La casa editrice milanese pubblica la prima raccolta del pittore mentre Palazzo Reale a Milano fino al 19 gennaio 2020 lo omaggia con una retrospettiva curata da Luca Massimo Barbero, uno dei migliori critici d’arte e curatori e conoscitori dell’arte italiana moderna in circolazione.
Il critico d’arte nel brano pubblicato on line dal catalogo vuole peraltro sgombrare il campo da quello che ritiene un equivoco ideologico radicato: «Il mondo di de Chirico è abitato da gladiatori, impegnati in combattimenti farsa, dai corpi deformati come gomma fusa, colli ipertrofici, giochi tra animali preistorici e abitanti di Marte che si aggomitolano e s’imbrogliano l’un l’altro: essi sono l’antitesi di quella sorta di stigmatizzazione che qualcuno ha voluto vedere in un de Chirico italico e fascista».
Torniamo al de Chirico poeta.

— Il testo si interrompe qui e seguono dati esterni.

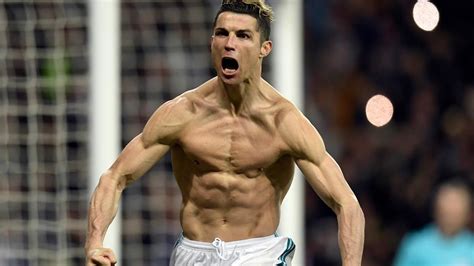 Secrets to Cristiano Ronaldo’s amazing ripped rig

Sulla Lettura in edicola questa settimana Roberto Galaverni vede nell’artista che visse a Parigi dal 1911 al 1915 gli influssi di Baudelaire, di Rimbaud; trovaa in quelle pagine il frutto dell’amicizia con quell’intellettuale e motore di spinte artistiche del tutto nuove d’inizio ‘900 quale fu Apollinaire; vi trova, dal 1916, un autore aggiornato sulla poesia italiana. Galaverni esprime un giudizio tutto sommato positivo. Il critico vede soprattutto in quelle poesie una nitida ed evidente corrispondenza verbale dell’opera figurativa. Avete presente i dipinti di piazze vuote con statue? I treni sbuffanti all’orizzonte dei suoi quadri? De Chirico nel 1917 nel testo L’ora inquietante scrive: «Tutte le case sono vuote / risucchiate dal cielo aspiratore. / Tutte le piazze deserte. / Tutti i piedistalli vedovi. / Le statue – emigrate in lunghe / carovane di pietra / verso porti lontani. / Strane iscrizioni sorgono a ogni quadrivio. / Avvertimenti funebri di non andar più oltre».

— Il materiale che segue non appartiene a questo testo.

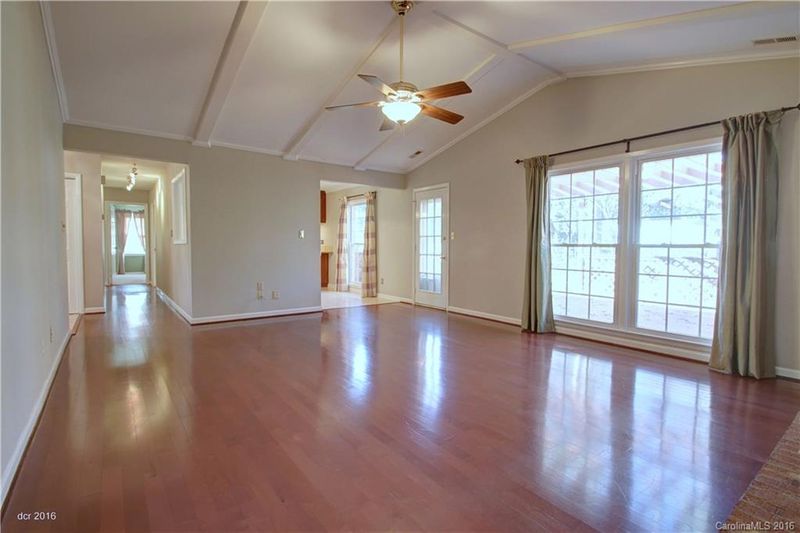 8823 Tree Haven Dr, Charlotte, NC 28270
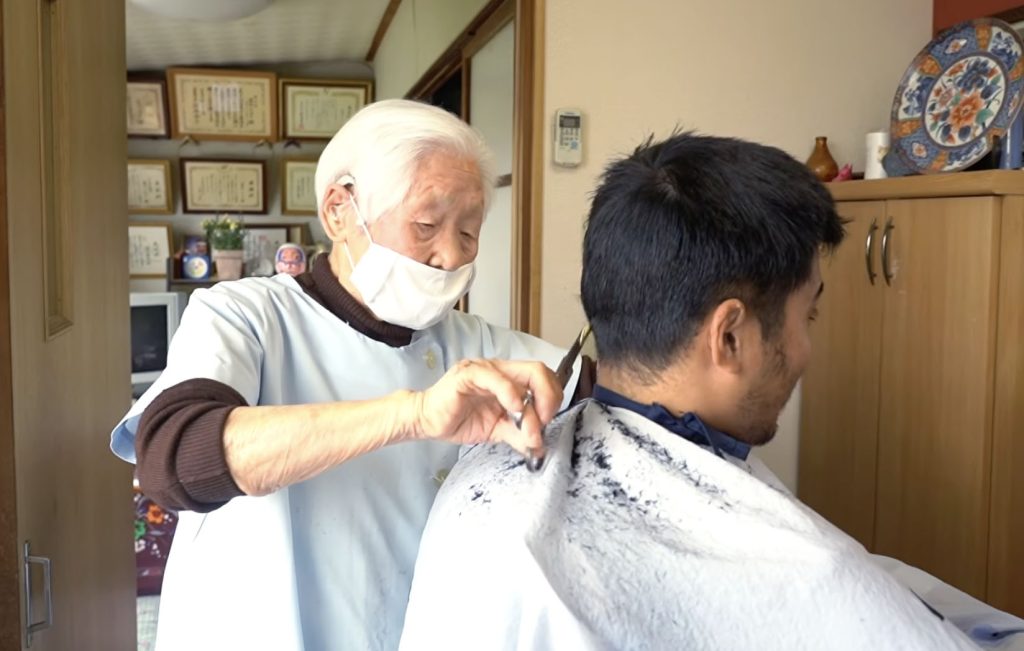The world's oldest active barber has died at 109 after seven decades behind the chair - her secret to a long life was to avoid malice and live honestly.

Oggetti e mistero. Un marchio del pittore. Pittore che Barbero reputa «un antesignano e un anticipatore; quando nel dopoguerra la linea tracciata da “Valori Plastici” (rivista d’arte sulle avanguardie di grande influenza culturale e pubblicata dal 1918 al 1921, ndr) invita a rifarsi ai primitivi, egli è già oltre: ha già ampiamente citato Giotto negli anni ferraresi, ha gettato le basi per il futuro surrealismo e ora è pronto per la vera pittura, quella palpitante degli anni venti, popolata di archeologi, manichini, cavalli al galoppo su spiagge di gesso e interni colmi d’oggetti».
La mostra milanese, allestita in otto sale disposte per temi e accostamenti, è promossa e prodotta da Comune di Milano-Cultura, da Palazzo Reale, da Marsilio e da Electa, in collaborazione con la Fondazione Giorgio e Isa de Chirico e la società di consulenza Barcor17.